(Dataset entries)
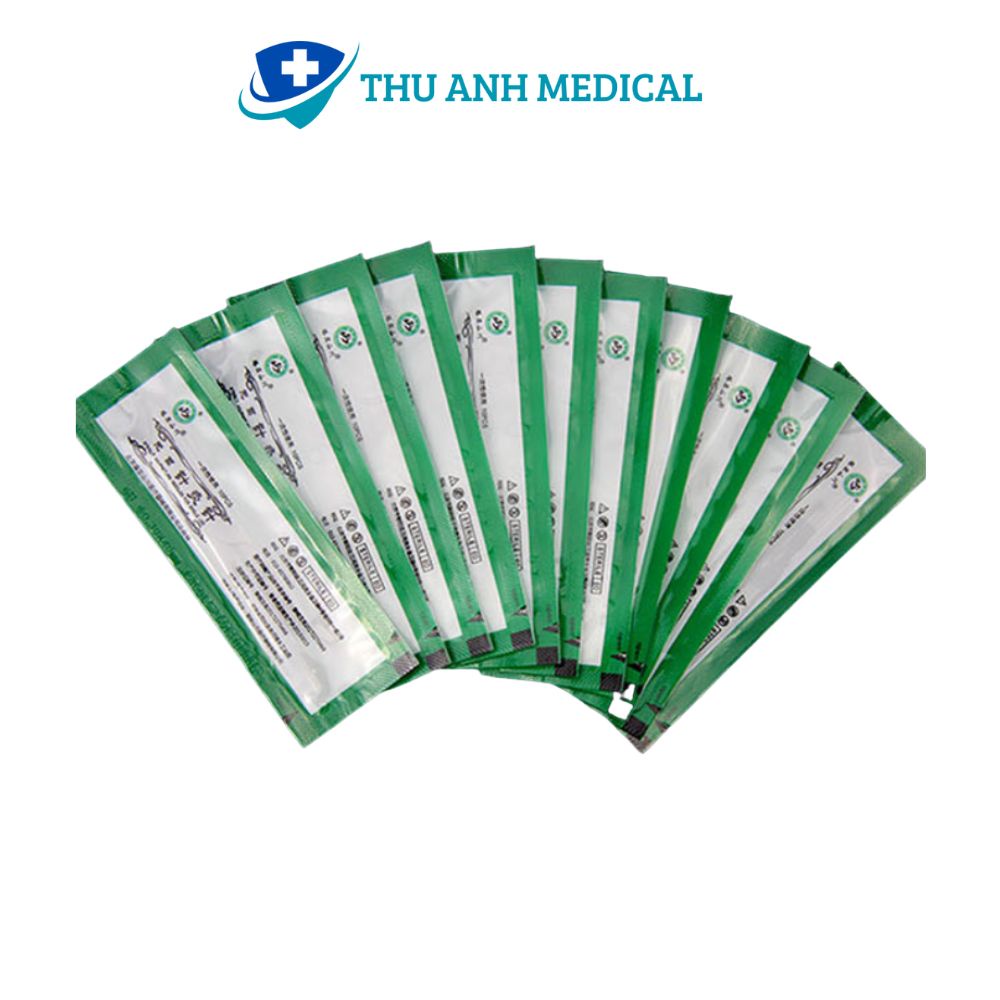 Kim châm cứu vô trùng Lạc Á dạng túi hộp 500 kim- Kim châm cứu siêu bén - Kim châm cứu đủ kích thước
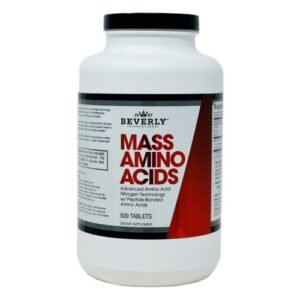 Beverly International Mass Amino Acids, 500 Tabs. Use Pre-Post Workout, with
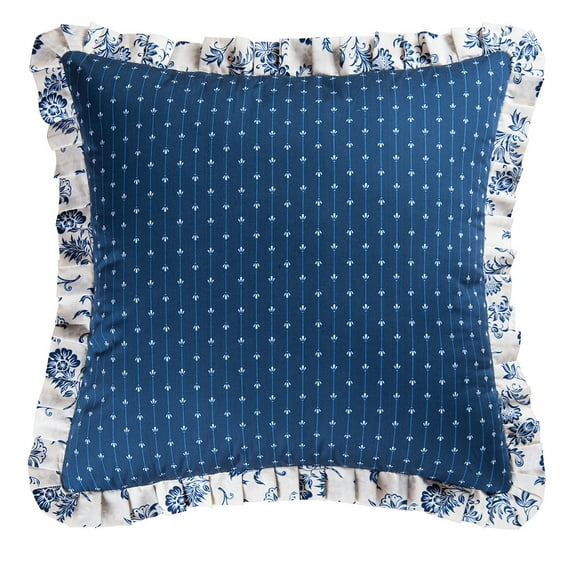 26" x 26" Colonial Williamsburg 26" x 26" Stafford Ruffle Cotton Euro Sham - Machine Washable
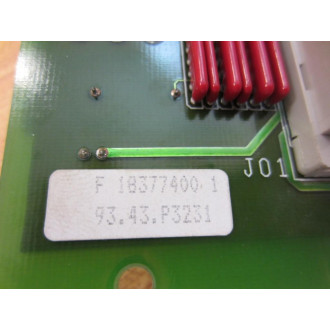 Staubli F183-774 Circuit Board F-18377400-1 - Used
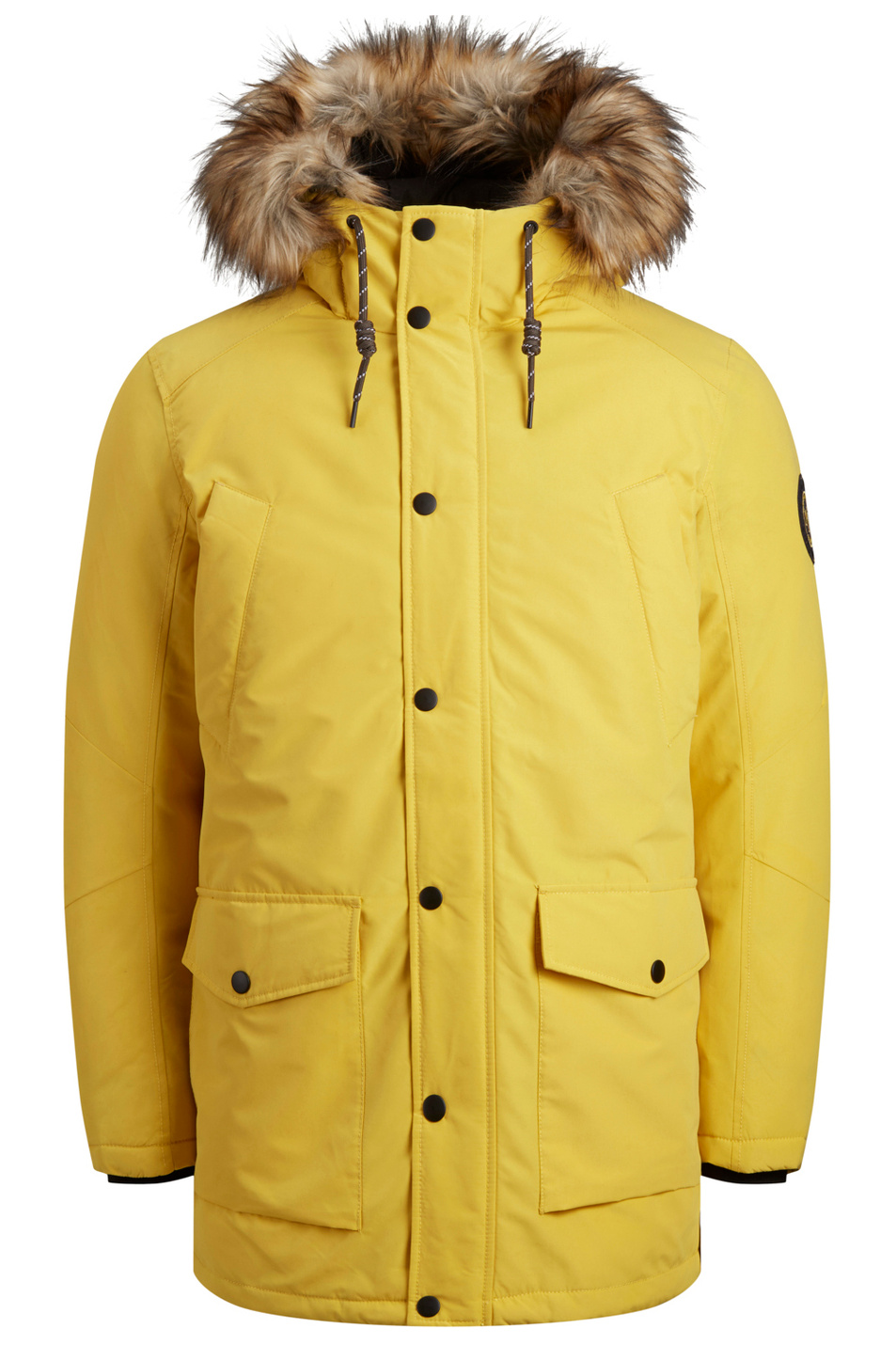 Мужской Jack & Jones Куртка с капюшоном с искусственным мехом (цвет ), артикул 12174383 | Фото 1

**What you need to do**
Every entry above needs to be duplicated precisely, and none of the pictures should appear.

**Response below**
 Kim châm cứu vô trùng Lạc Á dạng túi hộp 500 kim- Kim châm cứu siêu bén - Kim châm cứu đủ kích thước
 Beverly International Mass Amino Acids, 500 Tabs. Use Pre-Post Workout, with
 26" x 26" Colonial Williamsburg 26" x 26" Stafford Ruffle Cotton Euro Sham - Machine Washable
 Staubli F183-774 Circuit Board F-18377400-1 - Used
 Мужской Jack & Jones Куртка с капюшоном с искусственным мехом (цвет ), артикул 12174383 | Фото 1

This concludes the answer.